New data could lead to the development of new drugs for both diseases.
Scientists at the Francis Crick Institute, GlaxoSmithKline and Newcastle University have been investigating the protein LRRK2, which has been identified as potentially playing a role in a number of diseases such as Crohn's, ulcerative colitis, leprosy, tuberculosis (TB) and Parkinson's.
In patients with Parkinson’s disease, an LRRK2 mutation, is often present, and LRRK2 inhibitors have been shown to have the potential to treat the condition, Until recently, however, researchers did not understand the mechanism of disease involved.

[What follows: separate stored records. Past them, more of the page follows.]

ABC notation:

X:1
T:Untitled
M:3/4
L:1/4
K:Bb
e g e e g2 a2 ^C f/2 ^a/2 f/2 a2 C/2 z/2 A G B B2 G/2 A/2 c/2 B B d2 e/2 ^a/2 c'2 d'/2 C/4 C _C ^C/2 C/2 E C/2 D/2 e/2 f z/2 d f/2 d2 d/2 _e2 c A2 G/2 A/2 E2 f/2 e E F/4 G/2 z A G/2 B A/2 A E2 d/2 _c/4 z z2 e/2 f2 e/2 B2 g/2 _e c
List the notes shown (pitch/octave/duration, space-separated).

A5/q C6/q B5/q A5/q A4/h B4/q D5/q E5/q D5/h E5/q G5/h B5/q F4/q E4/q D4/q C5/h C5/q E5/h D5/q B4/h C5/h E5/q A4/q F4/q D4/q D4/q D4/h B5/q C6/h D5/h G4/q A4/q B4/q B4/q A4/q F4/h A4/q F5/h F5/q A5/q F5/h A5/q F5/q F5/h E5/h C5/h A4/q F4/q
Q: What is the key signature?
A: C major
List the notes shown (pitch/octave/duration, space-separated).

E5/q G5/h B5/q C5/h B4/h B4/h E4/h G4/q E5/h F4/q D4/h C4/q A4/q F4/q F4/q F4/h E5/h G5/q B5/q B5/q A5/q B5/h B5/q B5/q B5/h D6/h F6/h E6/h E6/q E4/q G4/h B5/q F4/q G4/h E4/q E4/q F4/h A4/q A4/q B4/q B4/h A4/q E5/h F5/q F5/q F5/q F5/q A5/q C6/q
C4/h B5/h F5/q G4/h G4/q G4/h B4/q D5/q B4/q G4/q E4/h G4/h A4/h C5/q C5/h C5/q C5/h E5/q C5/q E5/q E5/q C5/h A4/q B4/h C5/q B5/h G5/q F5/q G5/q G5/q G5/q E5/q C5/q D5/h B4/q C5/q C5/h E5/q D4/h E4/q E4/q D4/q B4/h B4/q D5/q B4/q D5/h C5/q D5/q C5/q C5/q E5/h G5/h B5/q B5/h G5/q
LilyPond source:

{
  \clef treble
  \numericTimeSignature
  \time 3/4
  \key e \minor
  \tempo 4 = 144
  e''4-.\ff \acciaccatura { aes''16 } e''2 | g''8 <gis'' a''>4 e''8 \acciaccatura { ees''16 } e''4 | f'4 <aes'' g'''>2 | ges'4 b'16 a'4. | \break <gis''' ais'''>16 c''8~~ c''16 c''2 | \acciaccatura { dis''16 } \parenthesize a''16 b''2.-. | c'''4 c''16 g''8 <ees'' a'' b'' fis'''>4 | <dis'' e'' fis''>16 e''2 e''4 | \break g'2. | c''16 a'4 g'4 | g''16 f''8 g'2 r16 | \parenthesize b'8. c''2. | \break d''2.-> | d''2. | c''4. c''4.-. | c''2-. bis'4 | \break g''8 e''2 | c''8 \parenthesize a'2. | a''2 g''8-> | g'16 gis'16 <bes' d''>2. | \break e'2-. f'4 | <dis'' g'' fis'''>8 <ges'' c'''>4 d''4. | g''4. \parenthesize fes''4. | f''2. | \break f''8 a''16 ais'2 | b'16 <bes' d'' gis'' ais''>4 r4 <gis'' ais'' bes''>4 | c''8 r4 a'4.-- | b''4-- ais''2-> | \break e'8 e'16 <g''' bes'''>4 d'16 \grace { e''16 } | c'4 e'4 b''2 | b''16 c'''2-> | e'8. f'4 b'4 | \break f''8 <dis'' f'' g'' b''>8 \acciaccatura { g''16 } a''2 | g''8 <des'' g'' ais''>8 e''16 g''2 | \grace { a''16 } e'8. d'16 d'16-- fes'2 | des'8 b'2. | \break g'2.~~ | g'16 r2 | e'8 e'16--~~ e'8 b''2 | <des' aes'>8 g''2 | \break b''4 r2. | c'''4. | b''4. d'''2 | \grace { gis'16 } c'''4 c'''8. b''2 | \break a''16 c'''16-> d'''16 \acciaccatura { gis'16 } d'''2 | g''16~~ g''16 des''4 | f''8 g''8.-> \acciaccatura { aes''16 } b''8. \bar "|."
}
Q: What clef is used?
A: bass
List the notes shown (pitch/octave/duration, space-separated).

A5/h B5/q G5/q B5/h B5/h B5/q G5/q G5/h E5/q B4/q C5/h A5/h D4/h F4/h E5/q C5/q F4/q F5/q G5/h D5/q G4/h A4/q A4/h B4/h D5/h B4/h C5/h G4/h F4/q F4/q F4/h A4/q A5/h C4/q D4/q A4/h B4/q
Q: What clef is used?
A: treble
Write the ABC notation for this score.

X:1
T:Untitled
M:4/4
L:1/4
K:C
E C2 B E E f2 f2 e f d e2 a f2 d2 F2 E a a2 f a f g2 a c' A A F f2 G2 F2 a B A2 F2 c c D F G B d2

The new discovery was achieved through the investigation of LRRK2 in human and mouse macrophages, which are immune cells designed to identify and destroy bacteria. When the macrophages were infected with the bacteria that causes tuberculosis - Mycobacterium tuberculosis (Mtb) – it was observed that the LRRK2 protein prevented the cells from eliminating the bacteria.
If the LRRK2 was removed or blocked in some way, however, the macrophages were able to eliminate the Mtb. Similar results were obtained when the LRRK2 gene in mice was knocked out. The mice were better able to resist TB infection and compared to control mice were found to have less Mtb in their lungs up to two weeks after infection.
These findings may help explain why LRRK2 inhibitors under development for Parkinson’s may be effective. In Parkinson’s, damage in the brain is caused by the formation of abnormal masses of protein called 'Lewy bodies', according to Susanne Herbst, a post-doctoral fellow at the Crick Institute. It is possible that the LRRK2 inhibitors are allowing excretion of the protein and thus prevention of formation of the abnormal masses.
Most research on Parkinson’s to data has focused on degeneration of neurons in the brain. The results of this study, according to Patrick Lewis, an associate professor in cellular and molecular neuroscience at the University of Reading, suggest that a broader approach is needed with respect to investigation of causes of the neurodegeneration that occurs.
It is also possible that the LRRK2 inhibitors being developed for Parkinson’s may also be effective against tuberculosis, according to Max Gutierrez, Group Leader at the Crick. "LRRK2-inhibiting drugs are already being developed to treat Parkinson's disease, and we're trying to see if we can repurpose them as a potential new TB therapy. This should be relatively straightforward because TB infects the lungs, so the LRRK2 inhibitors wouldn't need to cross the blood-brain barrier like they do in Parkinson's disease," he says.